Genius is a term bandied around too often but in Burt's case it is apt.
You are absolutely right, Mark
This is a moving and immaculate tribute to a musical great. Like you, he has been a touchstone and an inspiration for most of my life. The quality of his music is demonstrated by the quality and astonishing variety of the interpretations, and the fact his songs never go out of favour, they just find new generations of appreciation. One of the great qualities of his work and how he did it is illustrated by the interpretation of 'Alfie' he bullied and coaxed out of Cilla Black. Nothing else she ever sang hit that degree of performance. It always seems to me to underrate his music by calling it 'easy listening.'The better description is heartening and always inspiring.

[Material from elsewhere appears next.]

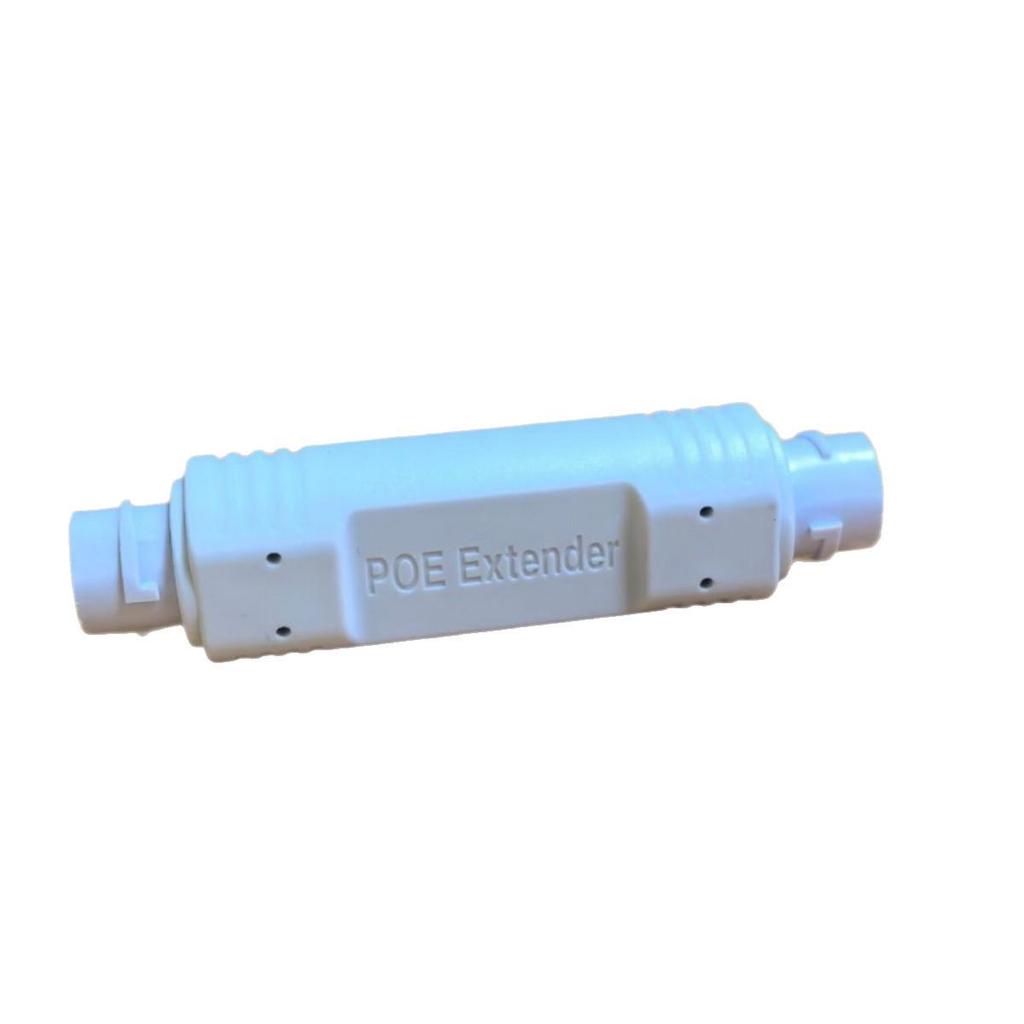 48V Waterproof Outdoor Gigabit POE Network Extender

Liz, thank you, I couldn't agree more. It's noteworthy that although he was tough on his singers, including Cilla, they loved working with him. The same is true of members of his touring band, some of whom have worked with him for more than 20 years. A demanding perfectionist, yes, but that is part of his genius
Thank you Martin for your beautiful words. Really sad about Burt. He leaves us a lot of incredible good sons, but there will be no new ones.